Haunting northern lights glow in green in images taken from Alaska (photos)

Auroras dazzle above a cabin in Trapper Creek, Alaska on April 11, 2022.
Auroras dazzle above a cabin in Trapper Creek, Alaska on April 11, 2022. (Image credit: Lee Kirkum)

Strong solar activity generated green glowing auroras over Alaska, as one photographer witnessed April 11 from Trapper Creek.

The stunning show lasted as long as four hours, photographer Lee Kirkum told Space.com, and the aurora display was highly visible despite a half-moon above the horizon.

"It was more active than normal, although I did see similar last winter," Kirkum wrote in an e-mail. "They usually aren't this showy. I usually see all streaks, but this time — at one point — it had the whole sky, except the extreme southern sky."

Related: Hyperactive sunspot just hurled a huge X-class solar flare into space

Even more incredibly, Kirkum used a smartphone (a Samsung S21 in night mode) to capture most of the images. Auroras are generally quite faint, although occasionally you can get lucky enough to see northern lights strong enough to be picked up by a high-definition smartphone camera sensor.

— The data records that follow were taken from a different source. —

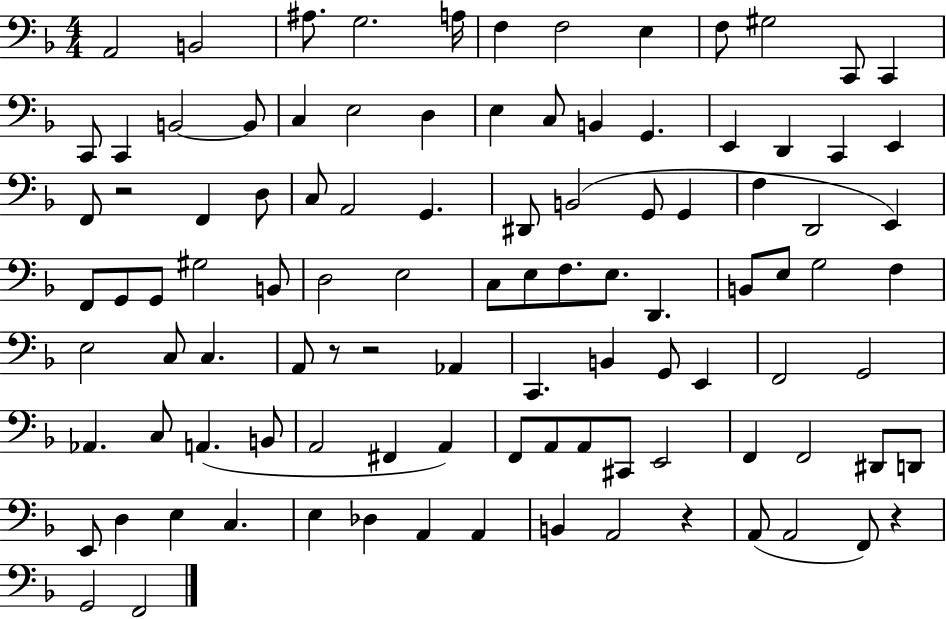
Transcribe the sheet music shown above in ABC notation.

X:1
T:Untitled
M:4/4
L:1/4
K:F
A,,2 B,,2 ^A,/2 G,2 A,/4 F, F,2 E, F,/2 ^G,2 C,,/2 C,, C,,/2 C,, B,,2 B,,/2 C, E,2 D, E, C,/2 B,, G,, E,, D,, C,, E,, F,,/2 z2 F,, D,/2 C,/2 A,,2 G,, ^D,,/2 B,,2 G,,/2 G,, F, D,,2 E,, F,,/2 G,,/2 G,,/2 ^G,2 B,,/2 D,2 E,2 C,/2 E,/2 F,/2 E,/2 D,, B,,/2 E,/2 G,2 F, E,2 C,/2 C, A,,/2 z/2 z2 _A,, C,, B,, G,,/2 E,, F,,2 G,,2 _A,, C,/2 A,, B,,/2 A,,2 ^F,, A,, F,,/2 A,,/2 A,,/2 ^C,,/2 E,,2 F,, F,,2 ^D,,/2 D,,/2 E,,/2 D, E, C, E, _D, A,, A,, B,, A,,2 z A,,/2 A,,2 F,,/2 z G,,2 F,,2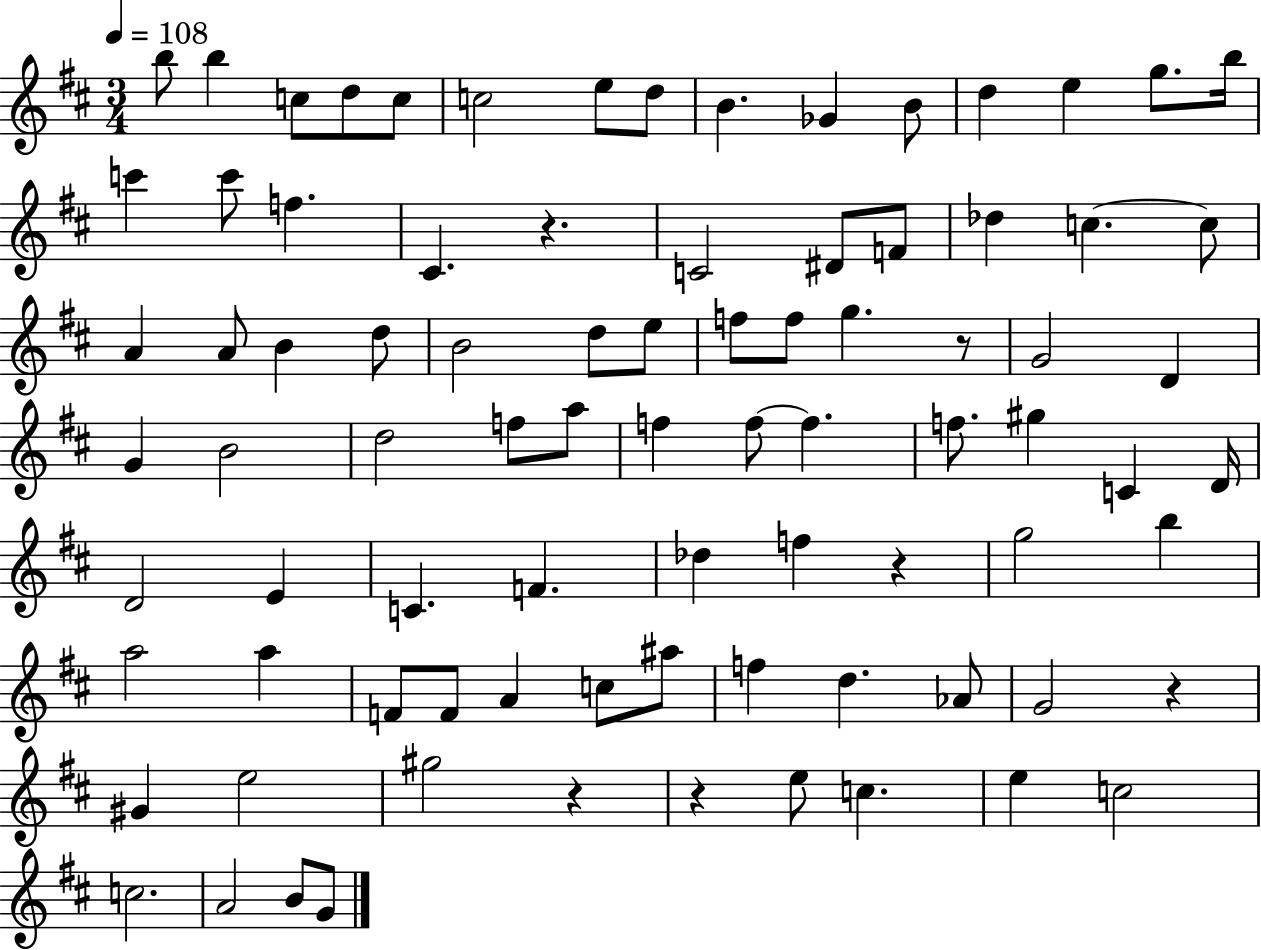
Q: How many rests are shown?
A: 6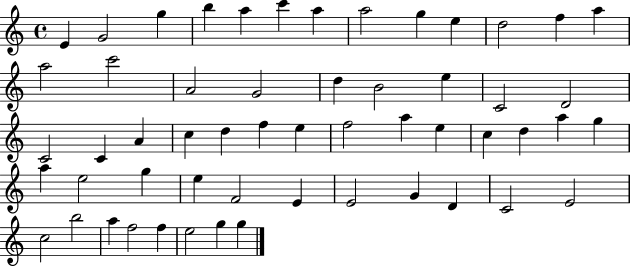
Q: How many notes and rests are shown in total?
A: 55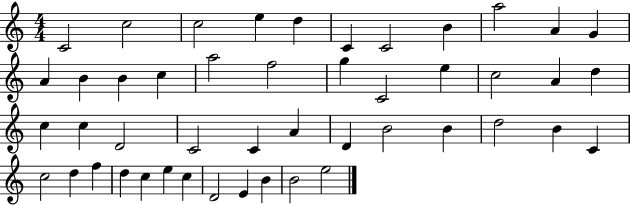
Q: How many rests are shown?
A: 0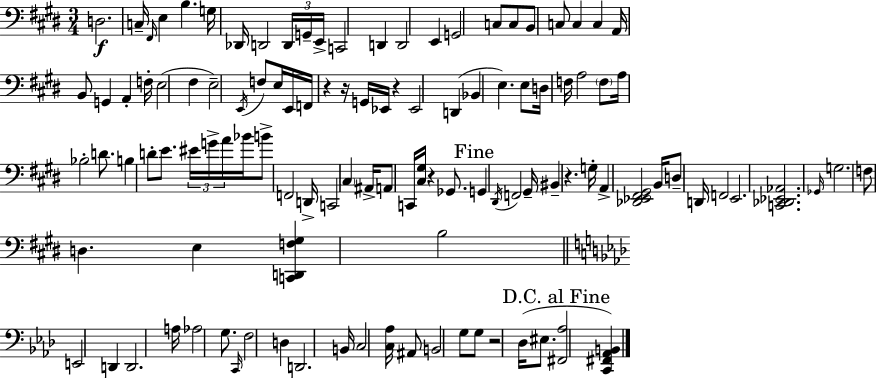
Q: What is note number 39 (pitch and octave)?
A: D2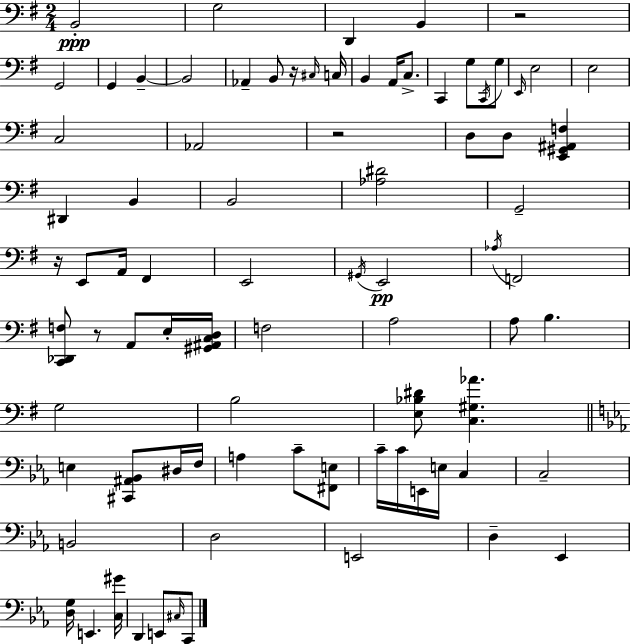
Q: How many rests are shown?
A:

Auroras are generated when the sun blasts off a bunch of charged particles, known as coronal mass ejections, in the direction of Earth. As the particles interact with Earth's magnetic field, they can cause molecules of air high up in the atmosphere to glow, creating beautiful lights to capture.

The sun has been very active this month. On April 11, the sun unleashed a coronal mass ejection (CME) from a "dead sunspot," a previously quiescent concentration of magnetic field lines on the surface. It was the latest in a series of storms that week; another major CME just blasted off on Easter

If you need equipment to capture the best aurora, consider our best cameras for astrophotography and best lenses for astrophotography to make sure you're ready. We also have a beginner's guide on how to photograph the aurora.

If you captured a stunning photo of the northern lights let us know! You can send in images and comments to Space.com by emailing spacephotos@space.com. Be sure to let us know your name, where you were observing from and what it was like to see the auroras.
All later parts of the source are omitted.